With the eyes of the world on the Nigerian government, its main concern is to silence critical voices.

The kidnapping of more than 200 schoolgirls from Borno State in north-eastern Nigeria on 14 April by the Islamist group Boko Haram has provoked worldwide condemnation and sympathy. Protests erupted around Nigeria and outside the country’s embassies overseas. The US, UK, France, China and Israel have all offered practical support. The hashtag #BringBackOurGirls has been tweeted over a million times, even by Michelle Obama.

It’s easy to send a protest tweet in the west but in Nigeria the stakes are higher. A critical comment can lead to days of government questioning. On 5 May, two women leading protests in Abuja against the kidnap, Saratu Angus Ndirpaya and Naomi Mutah Nyadar, were arrested and accused of fabricating the abductions to discredit the government. Both have now been released.

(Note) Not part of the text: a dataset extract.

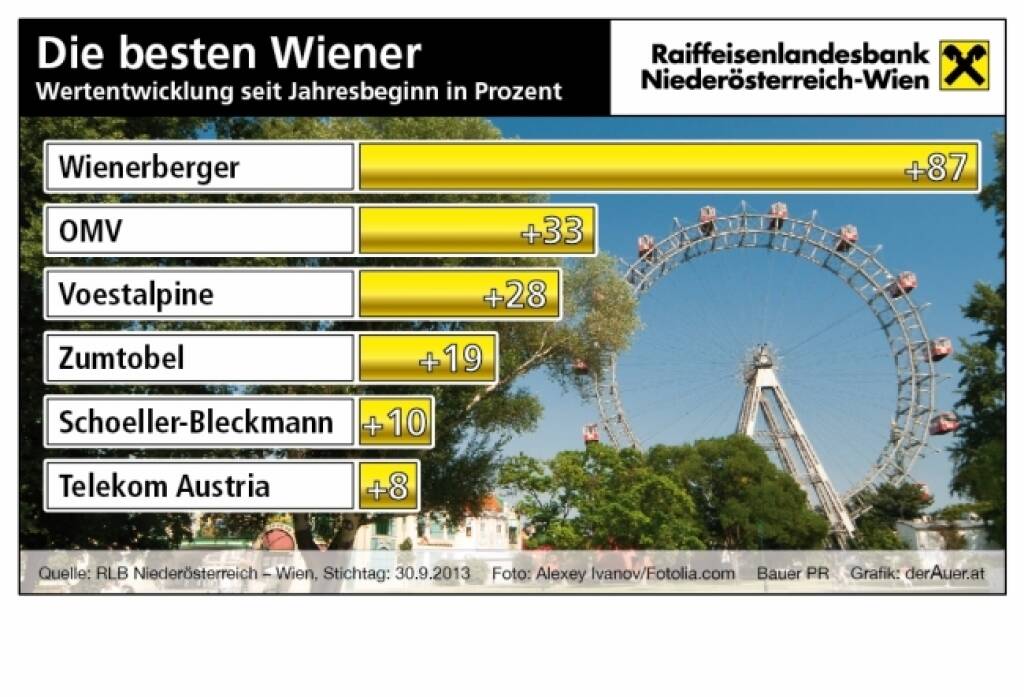 Die besten Wiener Aktien seit Jahresbeginn in Prozent: Wienerberger, OMV, voestalpine, Zumtobel, SBO, Telekom Austria (c) derAuer Grafik Buch Web (08.06.2013) (06.10.2013)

It took over three weeks for the presidency to acknowledge the disappearance of the girls. President Goodluck Jonathan’s administration aggressively guards information on its “war on terror” by cracking down on citizen journalism and online activism. With a general election scheduled for February 2015, Jonathan is intolerant of any criticism of his government’s record on security and corruption.

“The current government is desperate to stay in power,” Japheth Omojuwa, a veteran activist and member of the Occupy Nigeria movement, told me. “Any voice, any individual, that looks like it’s not in support of them will be blackmailed, will be arrested. They will do anything they can to shut down these voices.”

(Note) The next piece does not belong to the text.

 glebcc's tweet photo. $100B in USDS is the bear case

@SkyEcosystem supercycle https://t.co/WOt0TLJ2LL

Nigeria’s battle against Boko Haram dates back over a decade but has intensified in the past two years. In March, Amnesty International estimated that 1,500 people had been killed this year alone. Nigerian newspapers report that at least another 500 have died since.

Official government reports claim the army has incurred few losses in its campaign against the Islamists. Amendments last year to a 2011 law have made it a criminal offence to incite terrorist violence online, and the security services have used the act to intimidate journalists and bloggers who publish alternative accounts of the military’s campaign. Independent journalists say they are being threatened with libel actions to prevent publication of stories damaging to the government.

On 30 March, Isiyaka Yusuf Onimisi, an engineer at an electricity substation on the edge of Abuja’s high-security Aso Rock compound, which contains the presidential villa and the federal Supreme Court, heard gunfire outside his window. Aso Rock is also where the State Security Service (SSS), Nigeria’s domestic intelligence agency, interrogates suspects. In the 1990s, enemies of the military dictatorship disappeared into the SSS headquarters – known locally as Yellow House – and never came out. Today, it is central to the government’s battle against Boko Haram.

That morning, a suspected militant overpowered his guard and freed his comrades; they then staged a jailbreak from Yellow House. The resulting gunfight lasted over four hours. The media were kept away but Onimisi was, as he tweeted, “in the middle of the show”. As the government tried to play down the incident, his tweets were being read avidly around Nigeria.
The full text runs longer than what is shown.